日本IBMは4月4日、メインフレームの新製品を発表した。2022年に発売した「IBM z16」と「IBM LinuxONE」に、新たにシングルフレームとラックマウントの両モデルをそれぞれ追加する。新モデルは、高まっているハイブリッドクラウドの需要に対応できる設計が特徴で、環境性能の向上を実現。ITインフラとしての選択肢を広げ、より幅広い事業規模の顧客への導入を目指す。いずれも5月17日に出荷を開始する予定。
新モデルは、AI専用エンジンをチップ状に搭載した「IBM Telumプロセッサー」など、既存モデルの能力を踏襲。製品のポートフォリオを広げることで、小規模事業者も含めて幅広い顧客のニーズに対応できるようにした。
顧客が導入を検討する際、サステナビリティーの観点が大きな評価要素になっているとして、環境面にフォーカスしたことを製品の優位性として提示。欧州での導入事例では、消費電力の削減により、温室効果ガスの排出量を70%削減できたと紹介した。
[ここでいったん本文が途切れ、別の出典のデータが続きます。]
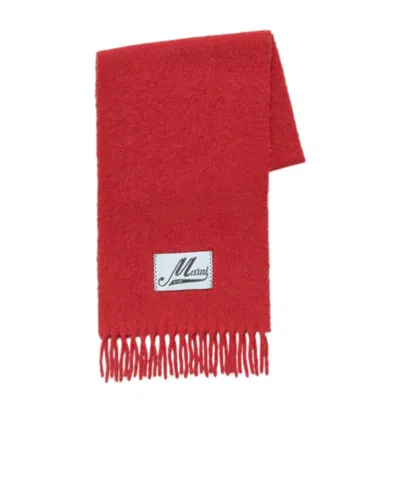 MARNI RED ALPACA SCARF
渡辺卓也・執行役員メインフレーム事業部長は「新モデルはこれまでの進化の中でも、さらに攻めの姿勢を示した」と話した。
ラックマウントモデルは、データセンターでスペースコストを削減したいという顧客の声に対応。自由に配置を決められるため、温度管理が最新化されているデータセンターの環境にも対応できる点を強みの一つとして示した。
追加モデル発売によるメインフレームの新規導入のシナリオについては、新興国などで新たなシステム構築が必要な場面を想定しているという。国内などの既存顧客向けには、台数規模を集約することで、省スペースのほか、温室効果ガスが削減できることをメリットとして訴求する考えだ。
渡辺卓也 執行役員
メインフレーム事業の継続性について、渡辺執行役員は、ハイブリッドクラウドを導入する企業が増える中、安定性などを理由に改めてメインフレームの需要が高まっているとし「(メインフレームは)多くのお客様に使っていただいている社会基盤。社会に安心・安全をお届けする事業として今後も新しい製品を長く継続的に提供していく」と説明。2030年代までを見据えたロードマップも紹介した。